*** EXERCISE DATA
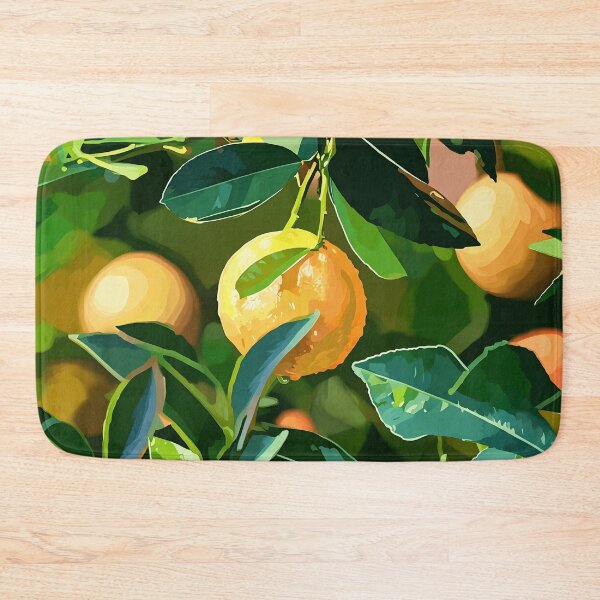 Item preview, Lemon Tree designed and sold by tomorrowsart.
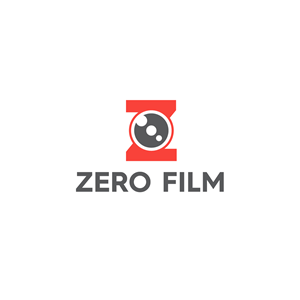 Logo Design by Elrich for ZERO FILM | Design: #31436051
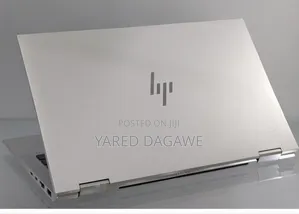 New Laptop HP EliteBook X360 1030 G7 16GB Intel Core I7 SSD 512GB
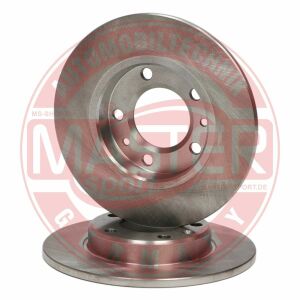 Гальмівний диск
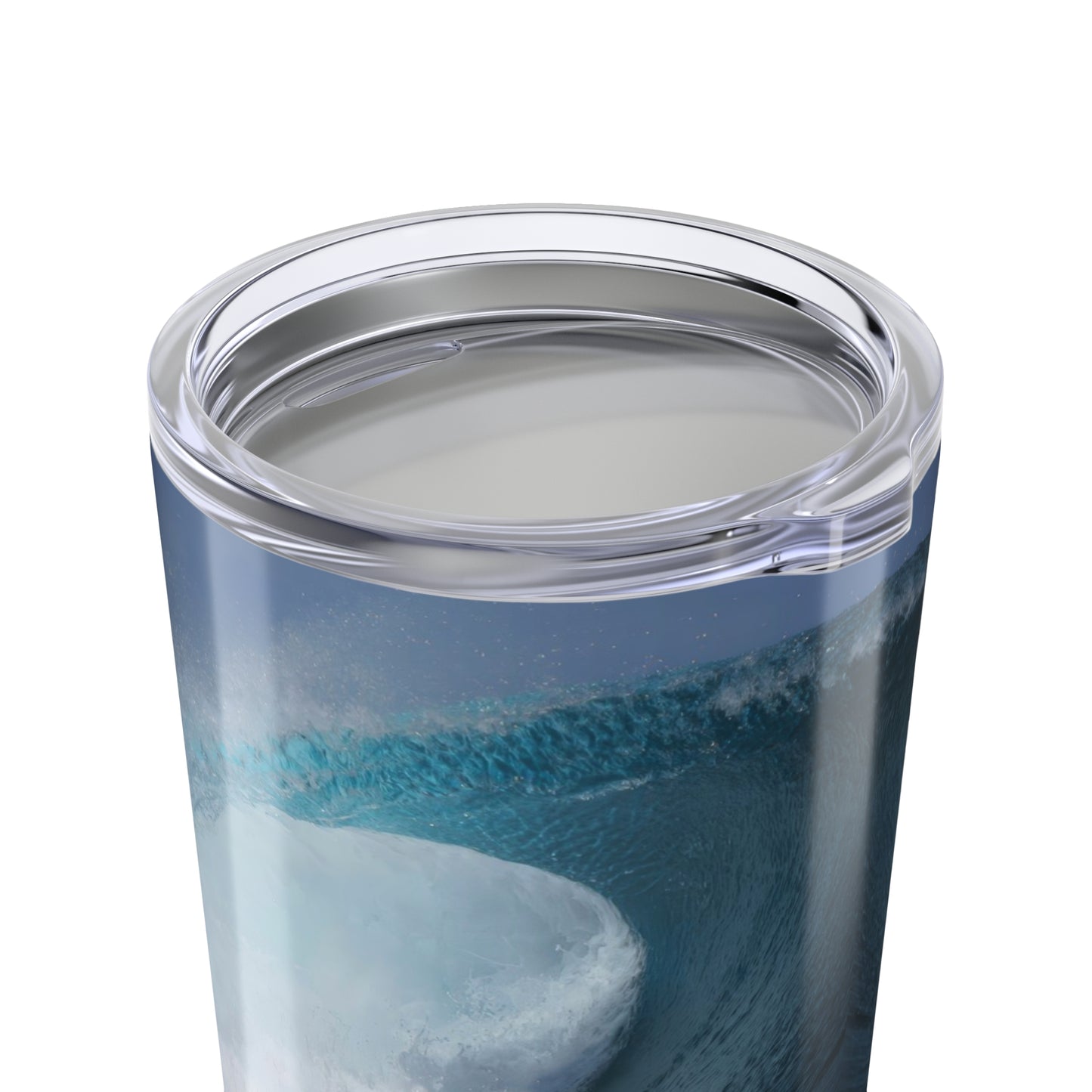 Tumbler (20oz) - Wave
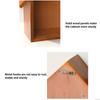 Small Houses Shelf Wood Materials Organizers Wall Mounted Designs for Home Decorative and Functional Storage Solution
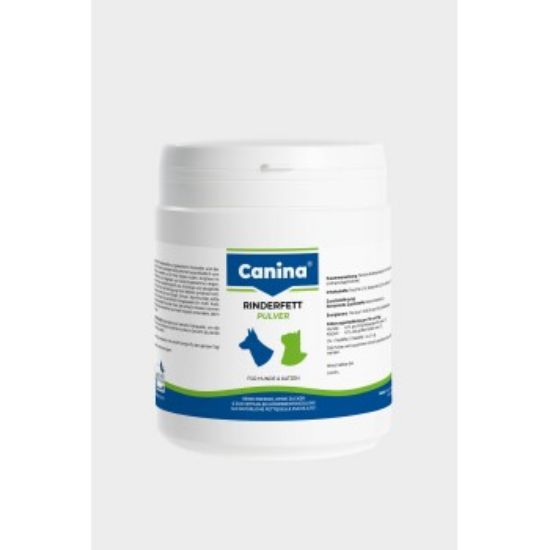 Canina Rinderfett Pulver 250g (Canina)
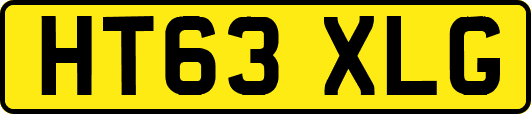 HT63XLG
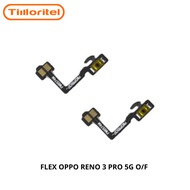 FLEX OPPO RENO 3 PRO 5G O/F
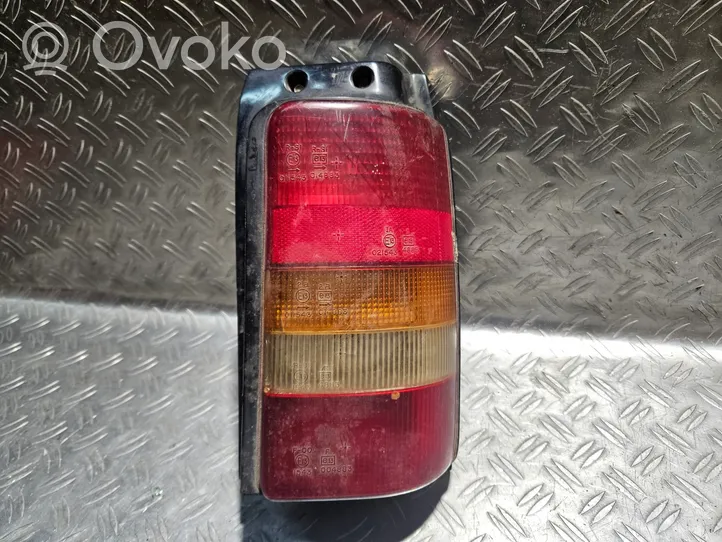 Chrysler Voyager Takavalot 4399952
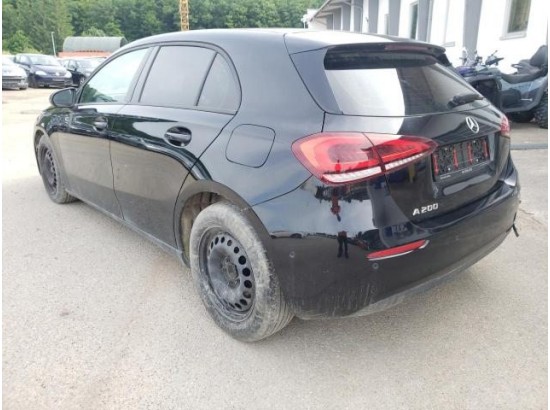 2022 Mercedes-Benz A -Klasse A 200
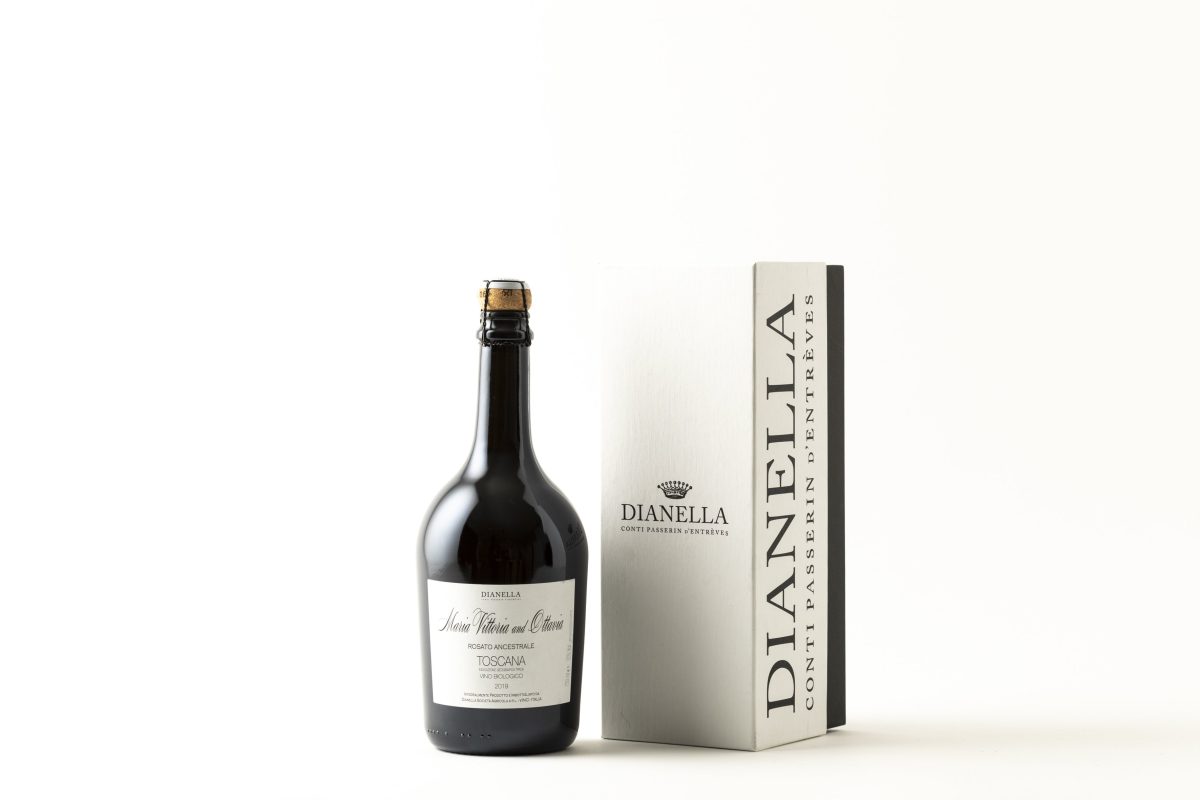 Galleria foto 'I vini migliori per la feste di Natale' - foto 16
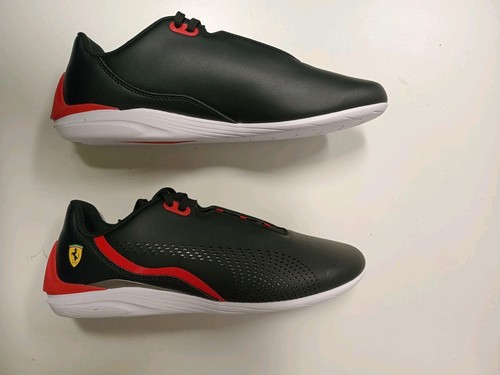 Puma Ferrari Drift Cat Decima. Taglia 9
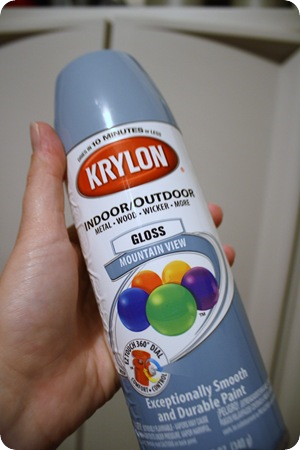 krylon mountain view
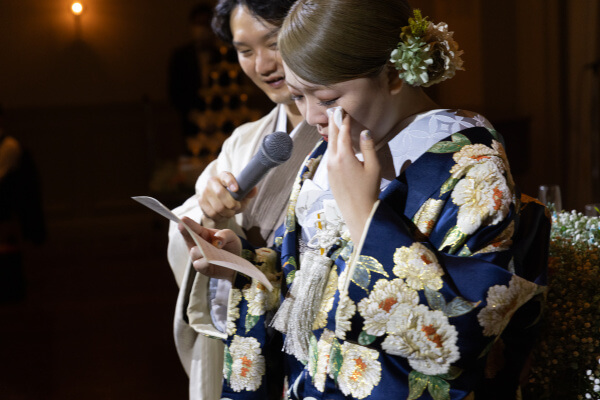 新潟県三条市　長岡市　新潟市　結婚式場　ウェディングドレス　 前撮り　ウェディングパーティー　和装　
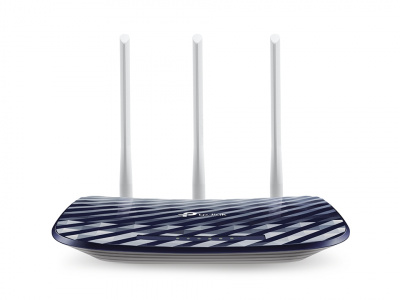 AC750 Двухдиапазонный Wi-Fi роутер Archer C20(RU)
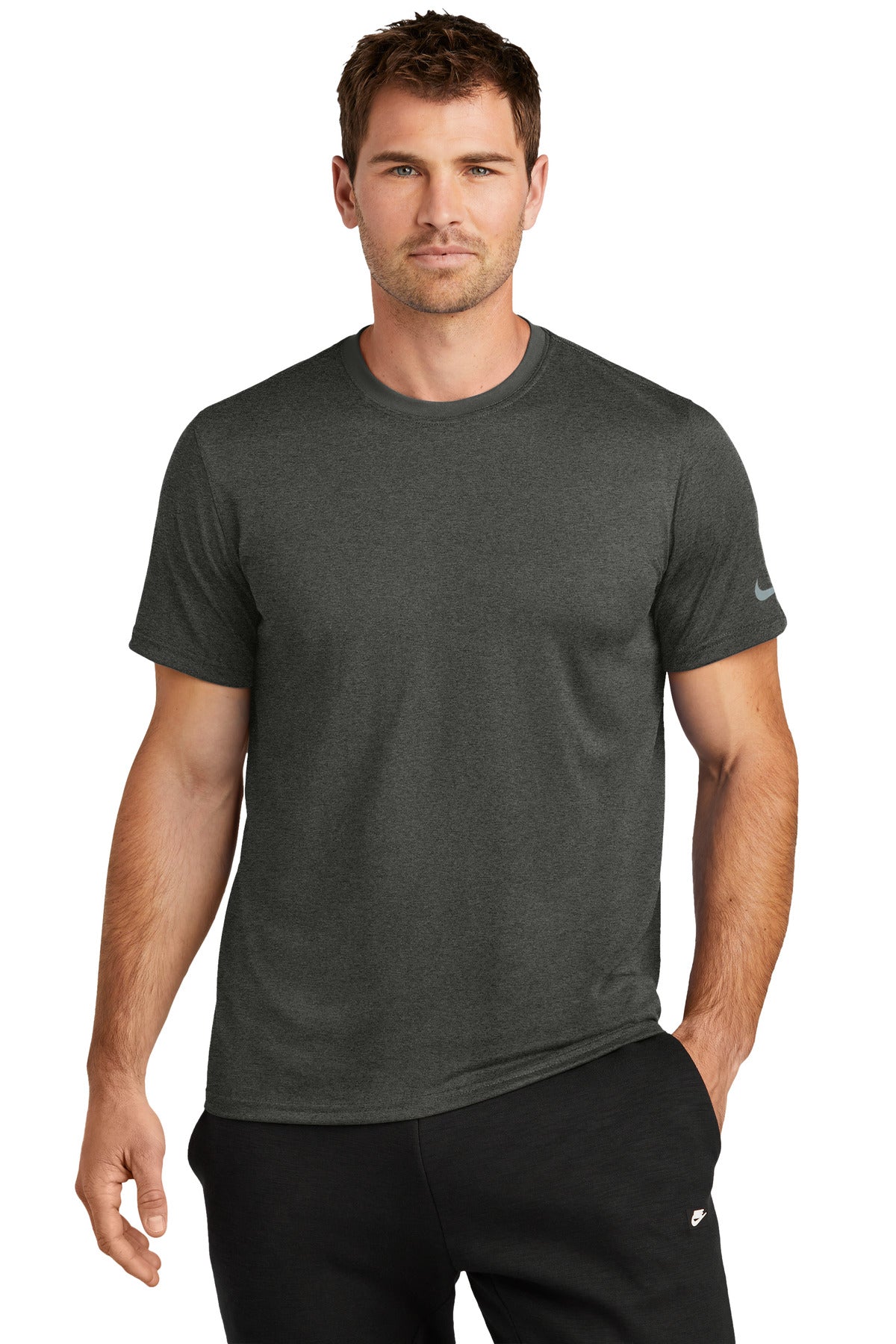 Swoosh Sleeve rLegend Tee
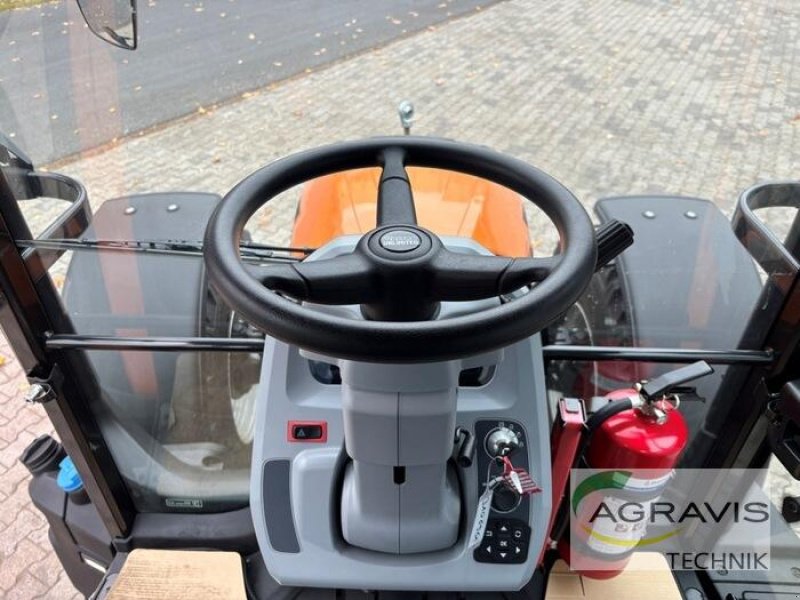 Traktor tipa Valtra G 105 A 1B9, Gebrauchtmaschine u Meppen (Slika 13)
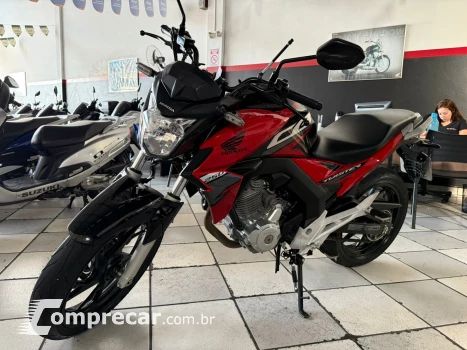 HONDA twister 250C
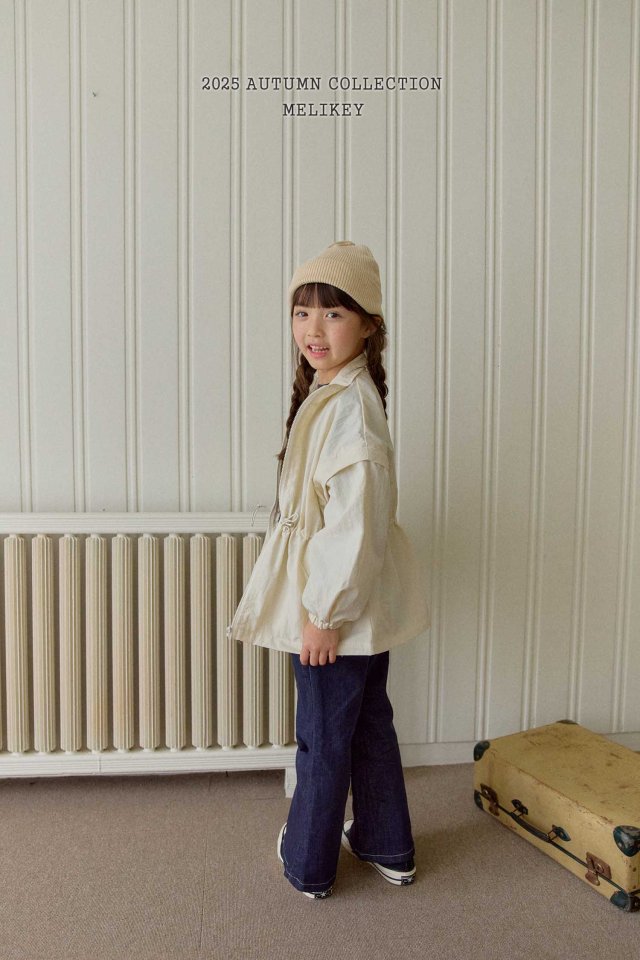 [PRE-ORDER] Double Way Jacket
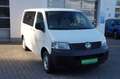 Volkswagen T5 Kombi T5 Transporter Kasten*KLIMA*AHK*BC* Weiß - thumbnail 4
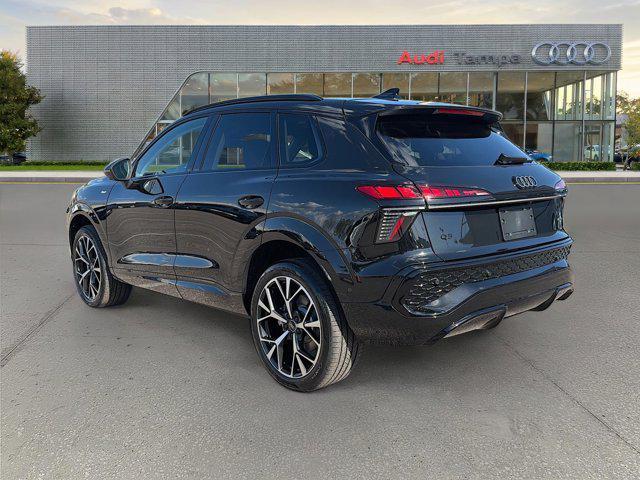 new 2026 Audi Q3 car, priced at $51,477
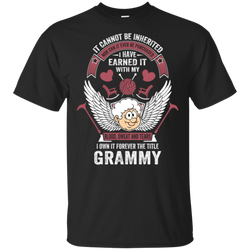 I Own It Forever The Title Grammy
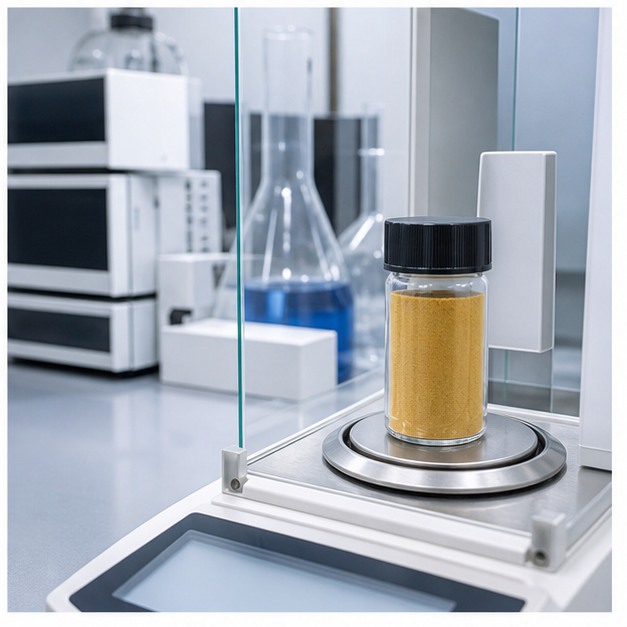 Maca Root Extract Powder 10:1 quality image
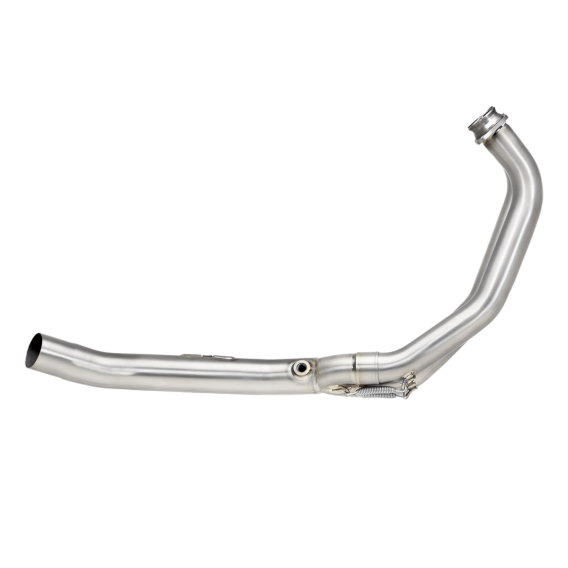 Racing Headers by SC-Project
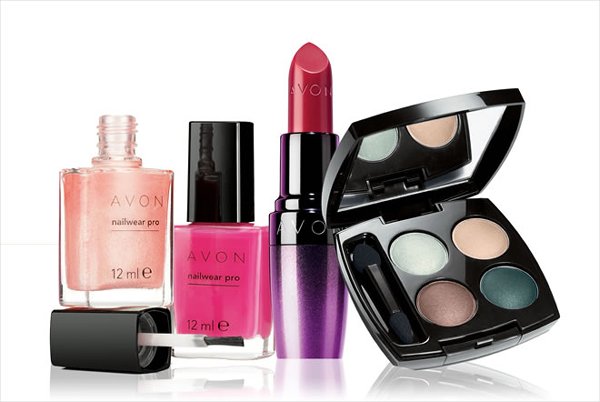 10 Best Makeup Brands In Pakistan-Avon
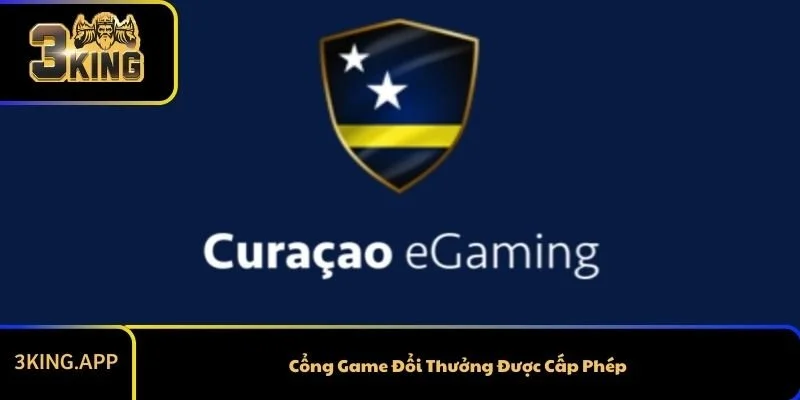 Cổng Game Đổi Thưởng Được Cấp Phép Nào An Toàn?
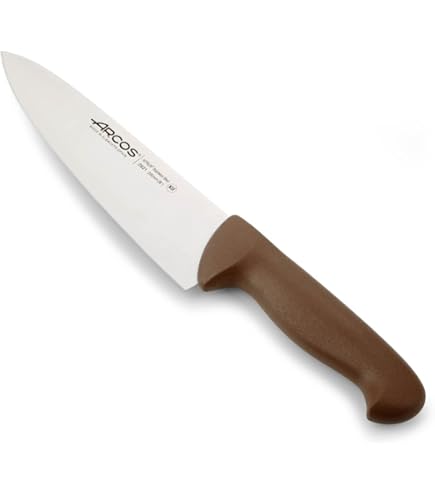 IKEA - Coltello da cucina Nero Argento 34cm Moderno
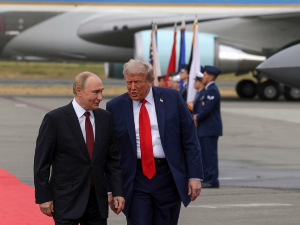 Да ли је Трампов план скован у Москви и мора ли Украјина да га прихвати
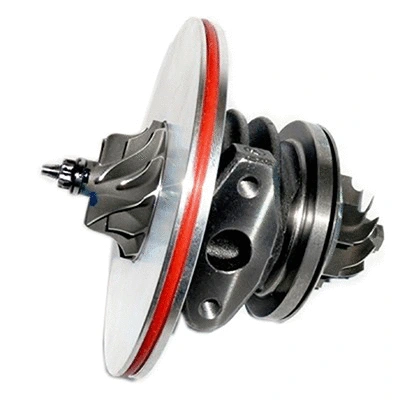 Core assembly, turbocharger (47.331)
******
(WHAT THE TASK REQUIRES): The span to retype runs from the line containing "Puma Ferrari Drift Cat Decima. Taglia 9" through the last line of the listing above, both ends included; copy it exactly, without pictures.

(EXERCISE RESULT):
 Puma Ferrari Drift Cat Decima. Taglia 9
 krylon mountain view
 新潟県三条市　長岡市　新潟市　結婚式場　ウェディングドレス　 前撮り　ウェディングパーティー　和装　
 AC750 Двухдиапазонный Wi-Fi роутер Archer C20(RU)
 Swoosh Sleeve rLegend Tee
 Traktor tipa Valtra G 105 A 1B9, Gebrauchtmaschine u Meppen (Slika 13)
 HONDA twister 250C
 [PRE-ORDER] Double Way Jacket
 Volkswagen T5 Kombi T5 Transporter Kasten*KLIMA*AHK*BC* Weiß - thumbnail 4
 new 2026 Audi Q3 car, priced at $51,477
 I Own It Forever The Title Grammy
 Maca Root Extract Powder 10:1 quality image
 Racing Headers by SC-Project
 10 Best Makeup Brands In Pakistan-Avon
 Cổng Game Đổi Thưởng Được Cấp Phép Nào An Toàn?
 IKEA - Coltello da cucina Nero Argento 34cm Moderno
 Да ли је Трампов план скован у Москви и мора ли Украјина да га прихвати
 Core assembly, turbocharger (47.331)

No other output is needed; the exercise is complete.